[Items from a data source]
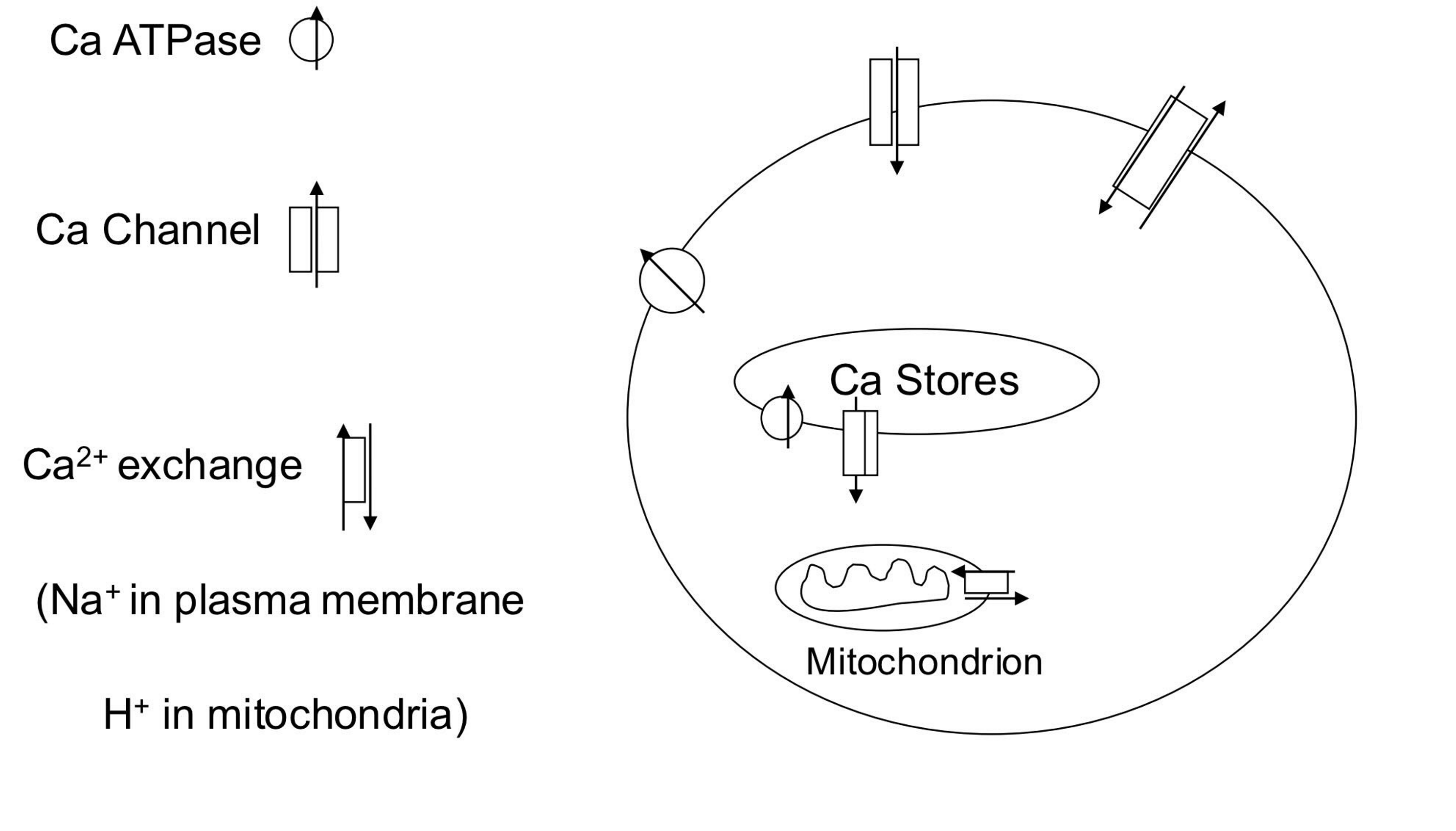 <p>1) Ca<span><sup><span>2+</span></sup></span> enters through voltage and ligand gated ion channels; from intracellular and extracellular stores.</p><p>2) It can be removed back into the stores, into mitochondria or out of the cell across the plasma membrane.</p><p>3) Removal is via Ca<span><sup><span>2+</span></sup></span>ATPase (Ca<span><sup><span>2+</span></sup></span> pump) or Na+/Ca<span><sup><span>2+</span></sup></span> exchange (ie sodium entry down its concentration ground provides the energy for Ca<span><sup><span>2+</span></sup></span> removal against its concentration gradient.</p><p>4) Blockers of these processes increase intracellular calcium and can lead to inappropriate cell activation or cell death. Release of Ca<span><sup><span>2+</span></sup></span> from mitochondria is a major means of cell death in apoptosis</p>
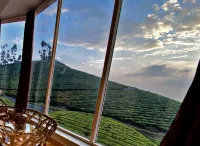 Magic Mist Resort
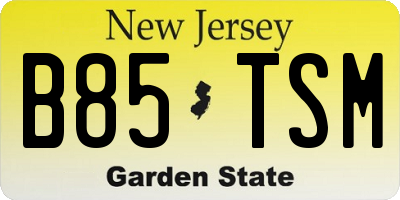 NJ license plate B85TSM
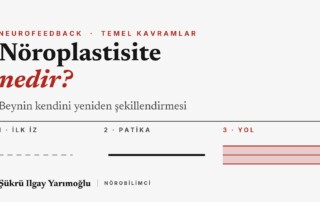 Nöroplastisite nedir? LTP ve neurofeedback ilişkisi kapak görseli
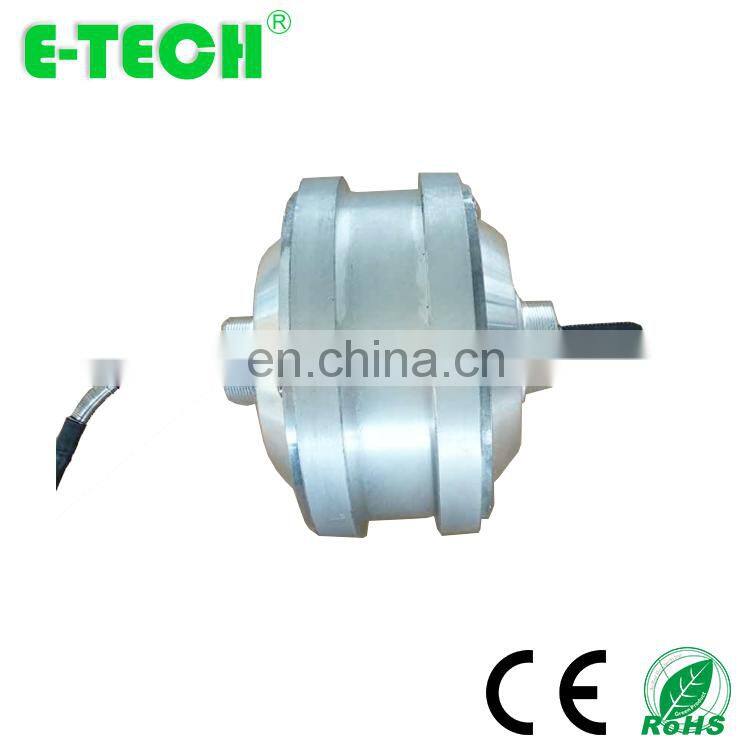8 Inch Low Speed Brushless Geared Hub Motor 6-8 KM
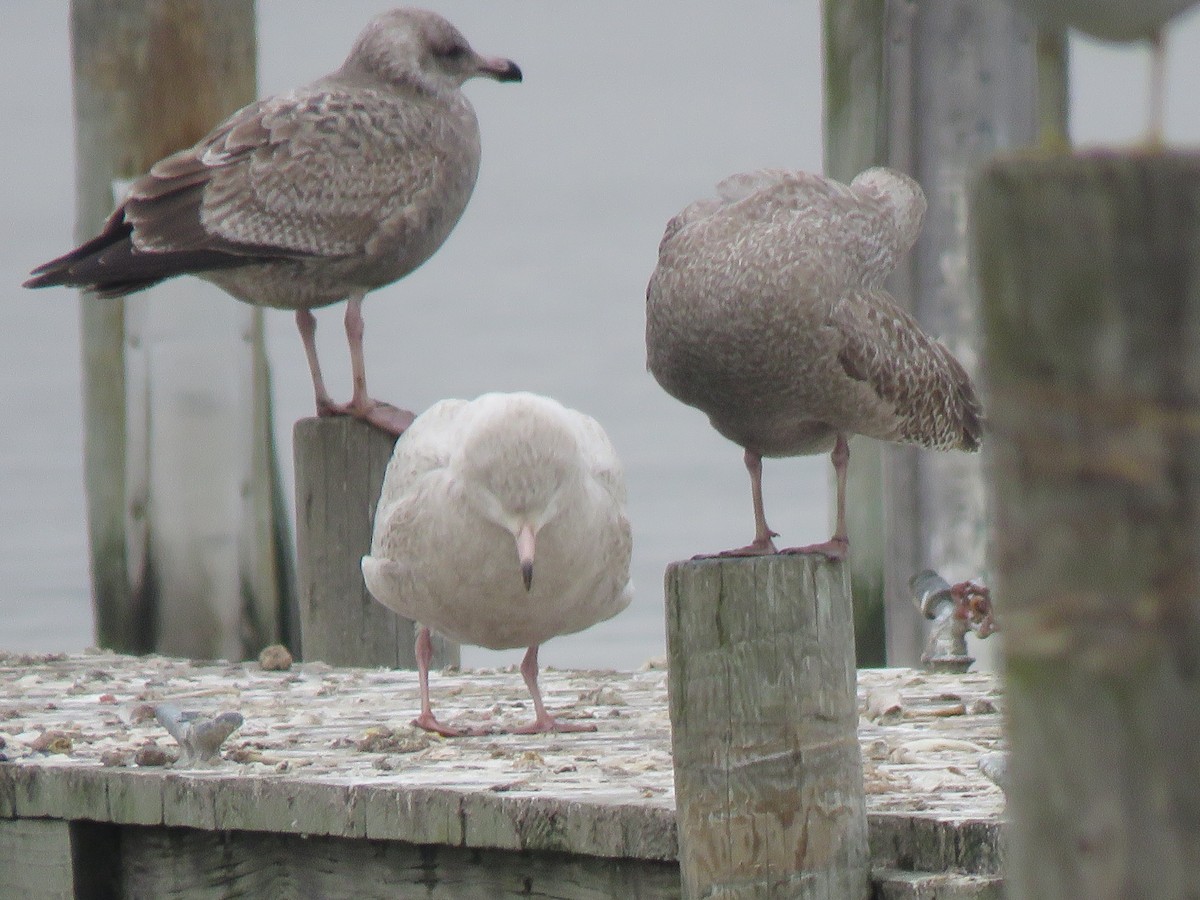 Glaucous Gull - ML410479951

→ EXERCISE OBJECTIVE
Copy out, exactly and without pictures, each line from the one containing "Nöroplastisite nedir? LTP" through the final line of the entries, both ends included.

→ RESPONSE TO THE TASK
 Nöroplastisite nedir? LTP ve neurofeedback ilişkisi kapak görseli
8 Inch Low Speed Brushless Geared Hub Motor 6-8 KM
 Glaucous Gull - ML410479951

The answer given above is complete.